In [1]:
pip install easyocr

Note: you may need to restart the kernel to use updated packages.


OCR EXTRACTION FOR TEST IMAGES

In [None]:
import os
import pandas as pd
import easyocr

# Initialize the OCR reader
reader = easyocr.Reader(['en'])  # Use English for OCR

# Directory containing the images
image_dir = '/kaggle/input/test-amazonml/Test'

# Create a list to store the extracted text
results = []

# Iterate over all the images in the directory
for idx, image_file in enumerate(sorted(os.listdir(image_dir))):
    # Get the full path to the image
    image_path = os.path.join(image_dir, image_file)

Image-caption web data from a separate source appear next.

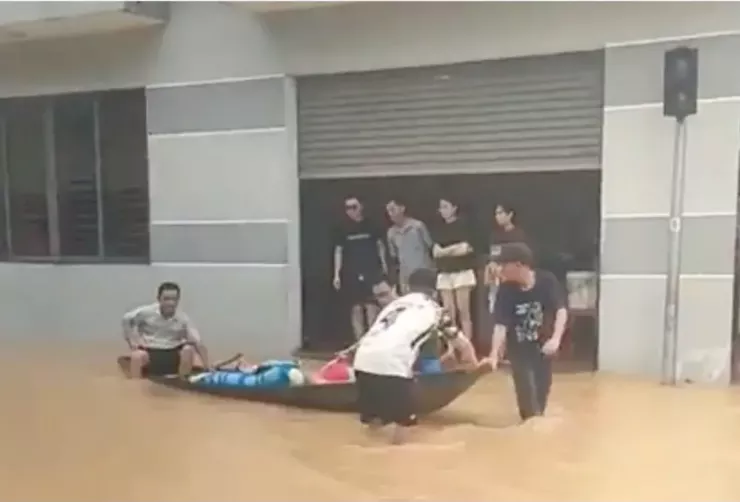 Đưa các nạn nhân trong gia đình ngạt khí ra khỏi khu vực ngập để cấp cứu.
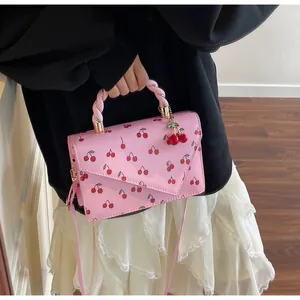 Détail d'un sac bandoulière rose avec motifs cerises et un charmant pendentif cerise
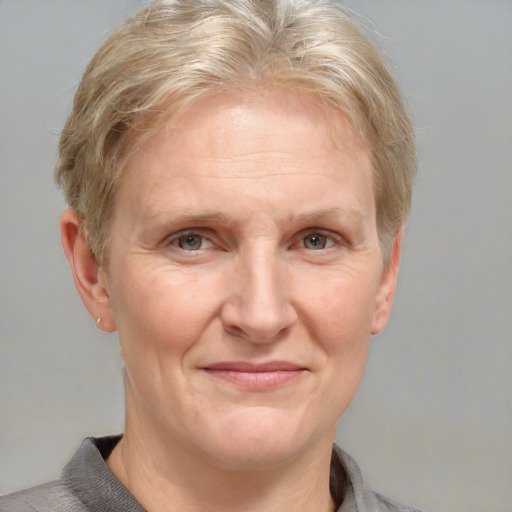 Joyful white adult female with short  brown hair and grey eyes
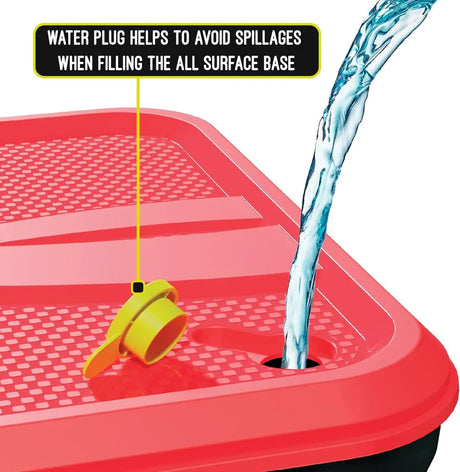 Mookie Classic All Surface Swingball red base with yellow water plug and water pouring in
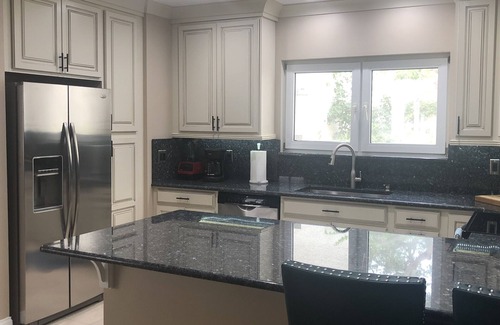 St. David's Island House | Gated Grand Harbor Townhome with beautiful views of the golf course and water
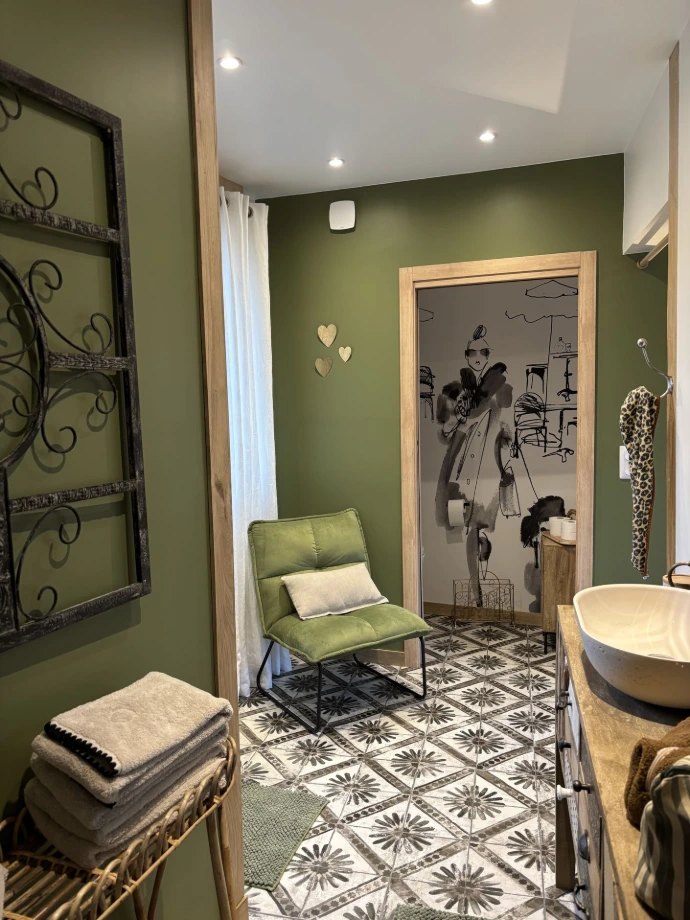 La salle d’eau ouverte sur la chambre apporte une touche originale et moderne. Elle comprend une grande douche (petite marche), un meuble vasque et un WC séparé, dans un esprit à la fois pratique et esthétique.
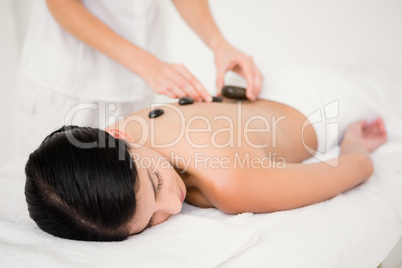 Pretty woman receiving a hot stone massage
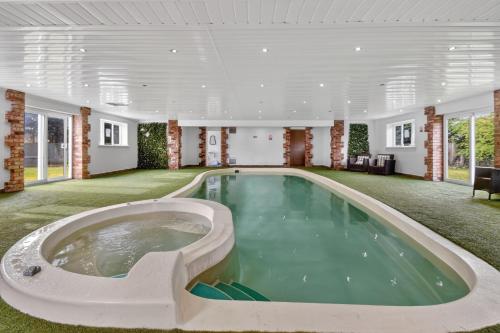 an indoor pool with a hot tub in a large room at The PADhouse in York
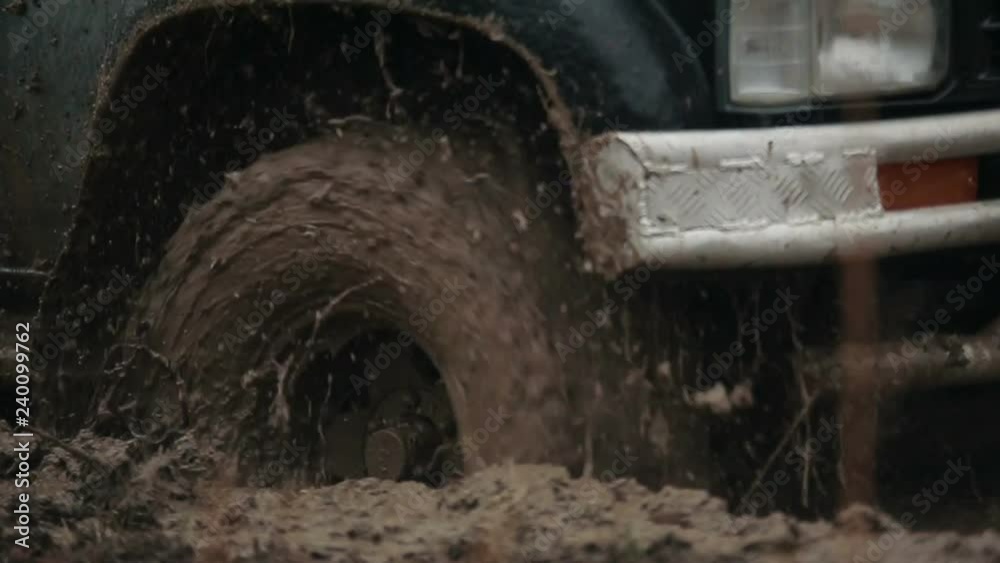 Jeep rides through the mud in the woods Jeep rides through the mud in the woods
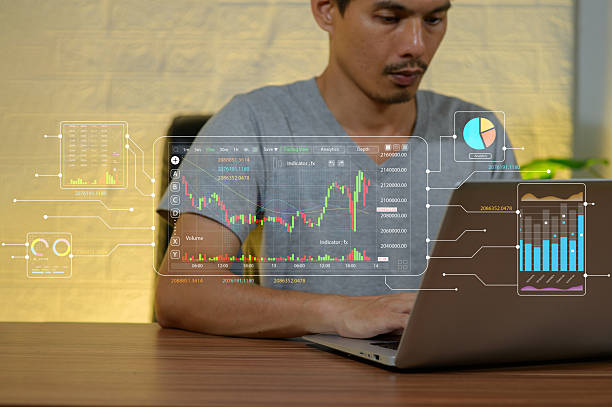 istock Young Man Analyzing Stock Market Data on Laptop with Graphs 2254768377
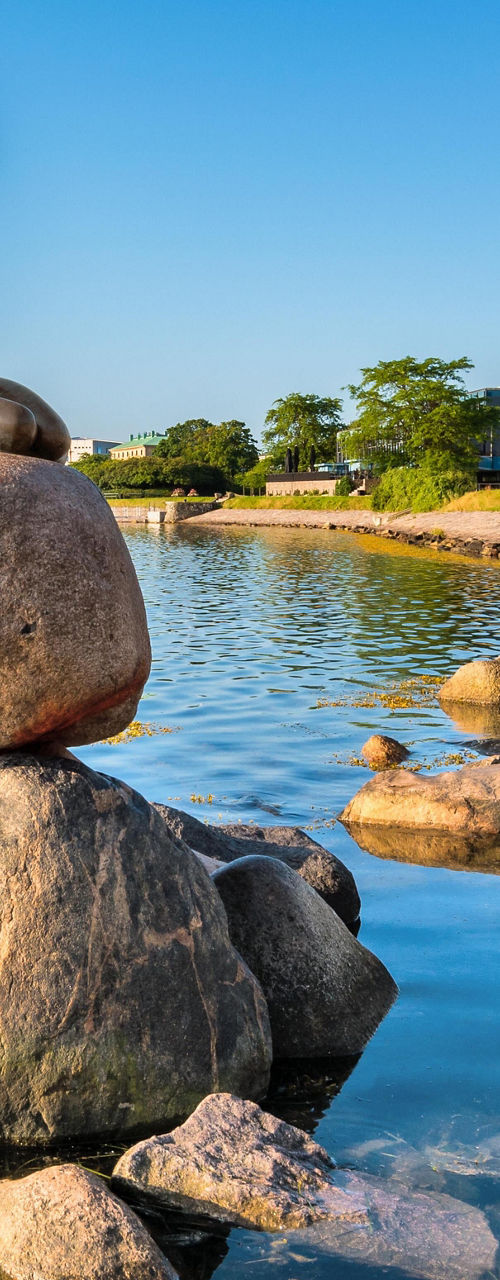 Little Mermaid statue by waterfront rocks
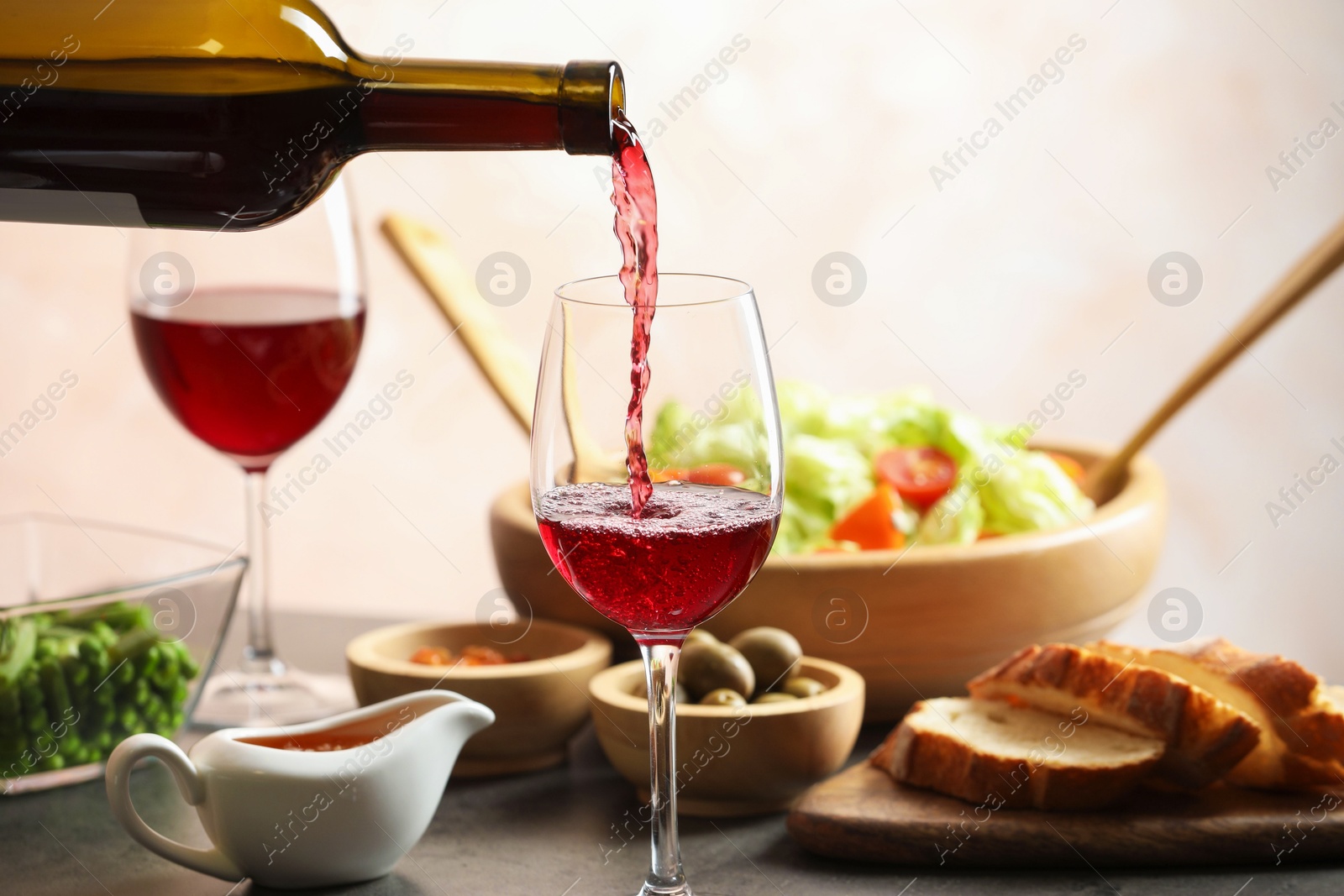 Photo of Pouring red wine into glass at grey table with tasty food, closeup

    # Perform OCR on the image
    try:
        # Extract text using EasyOCR
        ocr_result = reader.readtext(image_path, detail=0)  # detail=0 returns only text
        
        # Join the extracted text into a single string separated by commas
        extracted_text = ', '.join(ocr_result)
        
        # Append the result to the list
        results.append({'index': idx, 'predictions': extracted_text})
    
    except Exception as e:
        # In case of error, log the error and save an empty string for this image
        print(f"Error processing image {image_path}: {e}")
        results.append({'index': idx, 'predictions': ''})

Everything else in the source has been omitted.